A nova estimativa de potencial de valorização é de R$ 22, ante R$ 25 projetados anteriormente. O valor representa uma alta de 24% em relação ao fechamento anterior. Por outro lado, o Santander manteve a recomendação outperform, equivalente a compra.
Após conversas com gestores da companhia, o Santander afirma que a Vulcabras continua confiante sobre as oportunidades de mercado para o lançamento de novos produtos.
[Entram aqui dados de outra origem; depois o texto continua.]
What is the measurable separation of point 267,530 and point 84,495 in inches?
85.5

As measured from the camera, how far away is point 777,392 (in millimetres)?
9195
“A perspectiva para o 2S24 [segundo semestre de 2024] parece positiva para o mercado doméstico, com o 3T24 [terceiro trimestre de 2024] provavelmente registrando alto crescimento de um dígito, semelhante ao 2T24, e alguma ligeira aceleração no 4T24, de acordo com nossas estimativas. No entanto, os mercados estrangeiros provavelmente permanecerão pressionados devido à desaceleração macro da Argentina”, afirma o banco.
Sobre alocação de capital, a Vulcabras reforçou o compromisso em maximizar o retorno aos acionistas, segundo os analistas. “E com a falta de oportunidades para acelerar o crescimento por meio de aquisições, a Vulcabras poderia facilmente aumentar os dividendos.”
Leia Também
Já na perspectiva de oportunidades em produtos, o Santander destacou os planos da empresa de lançar uma nova linha de chuteiras de futebol, a Regente, focada em um público mais jovem. O lançamento também deve aumentar a produção nesse segmento.
Apesar da falta de oportunidades em M&As, a Vulcabras ainda busca adquirir uma “operadora de varejo sólida com resultados comprovados”. O objetivo, segundo o Santander, é que ela opere lojas conceito da marca esportiva Under Armour. Porém, na visão do banco, existem desafios para que essa aquisição se torne possível.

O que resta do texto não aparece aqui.